EVs, of course, are ultimately only as clean as the source of the electricity that powers them. To really achieve zero emissions, these electric vehicles must be powered by renewable energy.
Right now, nearly three-quarters of Mexico’s electricity is still generated by fossil-fuel-burning power plants. But the country has abundant potential for generating a significant amount of its power from renewable sources, including hydro, wind, solar and geothermal.
The Italian energy company Enel has been actively building wind, solar and hydropower installations around Mexico. The work includes a big wind farm, called Amistad, under construction in the state of Coahuila, which borders the U.S. state of Texas. ABB is providing crucial circuit-breaker technology to Enel’s Amistad farm.
Bridging the long-distance power gap
Installing big solar or wind farms in densely populated Mexico City would not be feasible. But geography is no longer an impediment to sustainable energy. Long-distance transmission of high-voltage power is another specialty of ABB, a global leader in so-called ultra-high voltage direct current (UHVDC) systems.
By transporting electricity as direct current (DC), and then converting it back to the alternating current (AC) used by the power grid, ABB’s UHVDC links can transmit vast amounts of electricity across long distances. There is little loss of energy and little need for the many specialized transformers and other supporting systems along the route that would be needed with long-distance AC transmission.
A recently commissioned ABB UHVDC link, for example, now carries hydropower from the North-Eastern and Eastern regions of India. The electricity is sent more than 1,700 kilometers to the region surrounding Agra, a city of 1.6 million people (and home of the Taj Mahal) that has long struggled with air pollution from fossil-fueled power plants and vehicles. The power carried by that link, for distribution across north India, could meet the needs of 90 million people.
ABB is also delivering and installing UHVDC technology in China, which has the highest proportion of electric vehicles in the world. UHVDC systems operating at over 1,100 kilovolts enable China to carry the energy resources from its western and northwestern regions to major consumption centers, which are located mainly in the east. In China’s populous eastern cities, air pollution from fossil-fuel cars and coal-burning power plants have been a major drawback to that country’s rapid economic development.

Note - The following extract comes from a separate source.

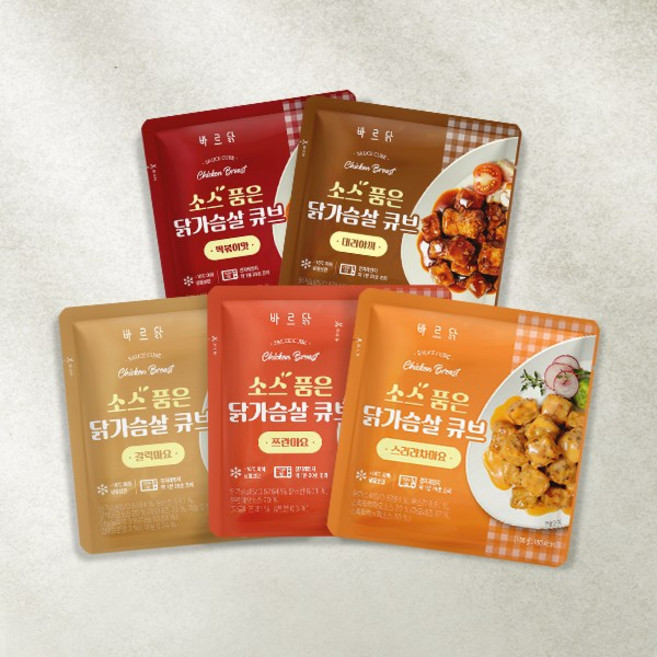 바르닭 소스품은 닭가슴살 큐브 5종 5팩 골라담기, 소스품은 닭가슴살 큐브 스리라차마요 5팩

In Mexico, UHVDC technology, carrying clean power from the parts of the country best suited to producing it – like the Amistad wind farm, nearly 1,300 kilometers away from Mexico City – could bring sustainable energy to the city. And there, ABB’s expertise in power management and integrating alternative energy into the public grid could be put to good use – and help power all those electric cars and fast chargers that would give the city a cleaner, more climate-friendly future.
“If cars are going to be the preferred mode of mobility for the people of Mexico City,” said Frank Muehlon, “it makes sense to adopt the technologies that can make electric mobility feasible and sustainable.”